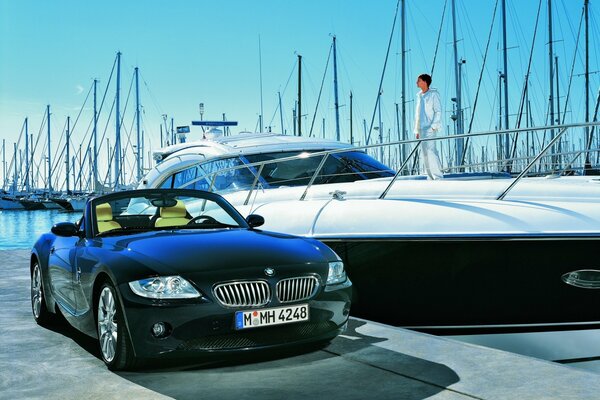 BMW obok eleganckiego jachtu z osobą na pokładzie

==

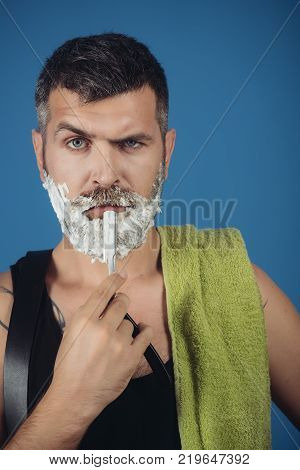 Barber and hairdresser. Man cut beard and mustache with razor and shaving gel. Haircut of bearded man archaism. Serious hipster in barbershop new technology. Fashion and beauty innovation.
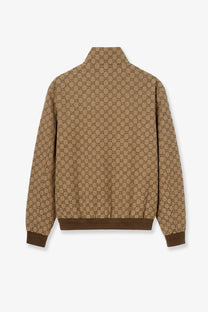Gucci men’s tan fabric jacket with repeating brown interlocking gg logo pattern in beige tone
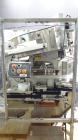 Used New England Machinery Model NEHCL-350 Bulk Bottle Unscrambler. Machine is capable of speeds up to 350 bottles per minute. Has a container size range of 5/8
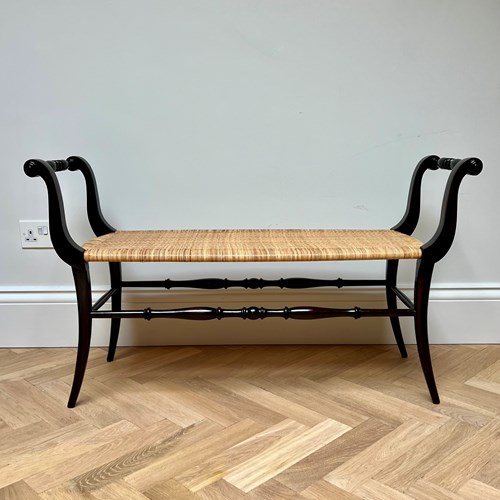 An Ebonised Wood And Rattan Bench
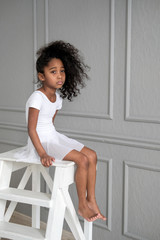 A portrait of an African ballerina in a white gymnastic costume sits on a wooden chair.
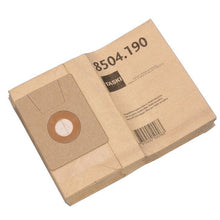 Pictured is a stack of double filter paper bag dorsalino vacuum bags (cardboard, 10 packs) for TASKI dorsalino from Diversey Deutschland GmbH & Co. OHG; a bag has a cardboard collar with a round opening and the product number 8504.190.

About this task
Everything from the line above that contains "A portrait of" down to the line that contains "Pictured is a" must be reproduced exactly, both ends included. Omit the pictures.

Output for this task
 A portrait of an African ballerina in a white gymnastic costume sits on a wooden chair.
 Pictured is a stack of double filter paper bag dorsalino vacuum bags (cardboard, 10 packs) for TASKI dorsalino from Diversey Deutschland GmbH & Co. OHG; a bag has a cardboard collar with a round opening and the product number 8504.190.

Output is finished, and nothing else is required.